The FIT Common Read Program is designed to foster a sense of community by encouraging a shared intellectual experience across the college. Since 2014, a committee of faculty, staff, and administration has selected a book as recommended reading for incoming students to the Fashion Institute of Technology.

▶  Common Read Selection Criteria

A book that:

  • students will enjoy reading and find relevant;
  • will challenge students intellectually;
  • faculty members can incorporate into their course reading lists;
  • can be discussed across the disciplines;
  • has not already appeared on most high school reading lists;
  • does not exceed 300-350 pages;
  • is available in various formats and is accessible to all; and 
  • ideally, has a living author.

▶  2019-20 Common Read Selection Committee

Dr. Shadia Sachedina, Assistant Vice President for Student Success and Dean of Students (Co-chair)
Dr. Patrick Knisley, Dean for the School of Liberal Arts (Co-chair)
Dr. Sarah Blazer, Assistant Professor and Associate Director of The Writing Studio
Dr.

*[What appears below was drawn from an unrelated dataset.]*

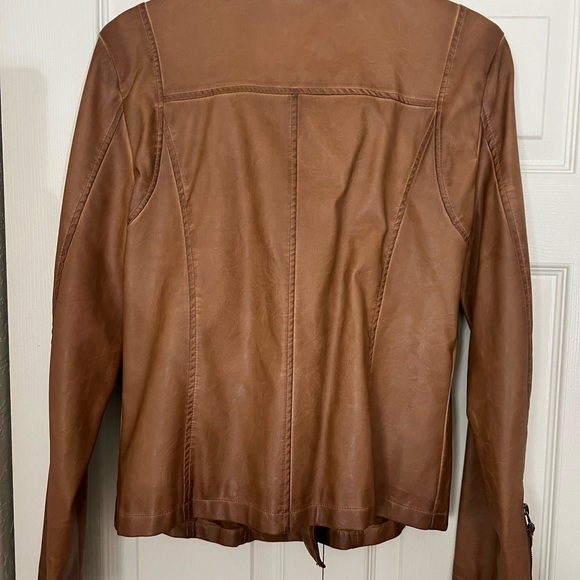 MAX STUDIO cognac faux leather jacket. Pre-owned; size M - Picture 3 of 3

Katelyn Burton, Assistant Professor, English and Communication Studies
Julia Jacquette, Assistant Professor, Fine Arts
Ruth Jeyaveeran, Assistant Professor, Textile/Surface Design
Tardis Johnson, Associate Dean for Student Academic Support, Academic Advisement
Ladeem 'Monet' Michael, student
Carli Spina, Associate Professor and Librarian, Gladys Marcus Library
Catlin Wojtkowski, Counselor, Department of Student Life
Nedean Wilson, Counselor Associate, Academic Advisement



Previous Common Read Selections

'So You've Been Publicly Shamed' by Jon Ronson
▶  Fall 2018 / Spring 2019 
Title: The 57 Bus
Author: Dashka Slater

In this true story of two teenagers from different sides of Oakland, California, and the bus ride that leaves one of them severely burned and the other facing criminal charges, award-winning journalist and author Dashka Slater chips away at the binaries that frame our understanding of the world. No simple morality tale and far more than a legal thriller, The 57 Bus is a genre-bending book that reveals the tangled complexities of gender, race, crime and justice in modern-day America.
Sasha, a white genderqueer high school student, was wearing a skirt on the bus when Richard, a black student from a struggling neighborhood, set Sasha’s skirt on fire. The genre-bending story that follows is no simple morality tale, as it reveals the tangled complexities of gender, race, crime, justice and hope in America. Bird’s-eye views of Oakland and official statistics are spliced together with instant messages, social media posts, and other primary sources. Emphasizing the interconnected nature of humanity, Slater reveals her characters and their web of relationships with deftness and fluidity. —Jon Little (from bookpage.com)
'So You've Been Publicly Shamed' by Jon Ronson
▶  Fall 2017 / Spring 2018 
Title: So You've Been Publicly Shamed
Author: Jon Ronson

So You’ve Been Publicly Shamed is Ronson's tour through a not-necessarily-brave new world where faceless commenters wield the power to destroy lives and careers, where the punishments often outweigh the crimes, and where there is no self-control and (ironically) no consequences. On one hand, part of what makes this book (again, ironically) so fun to read is a certain schadenfreude; it’s fun to read about others' misfortunes, especially if we think they "had it coming." Jonah Lehrer, whose admitted plagiarism and falsifications probably earned him his fall, stalks these pages. But so does Justine Sacco, whose ill-conceived tweet probably didn’t merit hers; as it turns out, the internet doesn’t always differentiate the misdemeanors from the felonies. But the best reason to read this is Ronson's style, which is funny and brisk, yet informative and never condescending. So You’ve Been Publicly Shamed is not a scholarly book, nor is it a workbook about navigating ignominy. It's an entertaining investigation into a growing—and often disturbing—demimonde of uncharitable impulses run amok. —Jon Foro (via Amazon.com review)
'Where Am I Wearing' by Kelsey Timmerman

▶  Fall 2016 / Spring 2017 and Fall 2015 / Spring 2016
Title: Where Am I Wearing? A Global Tour to the Countries, Factors, and People That Make Our Clothes
Author: Kelsey Timmerman

More about the Author
Kelsey Timmerman is the New York Times bestselling author of Where Am I Wearing? A Global Tour to the Countries, Factories, and People That Make Our Clothes and Where Am I Eating? An Adventure Through the Global Food Economy. His writing has appeared in places such as the Christian Science Monitor and has aired on NPR. Kelsey is also the co-founder of the Facing Project, which seeks to connect people through stories to strengthen community. He has spent the night in Castle Dracula in Romania, played PlayStation in Kosovo, farmed on four continents, taught an island village to play baseball in Honduras, and in another life, worked as a Scuba instructor in Key West, Florida. Whether in print or in person he seeks to connect people around the world. (from whereamiwearing.com)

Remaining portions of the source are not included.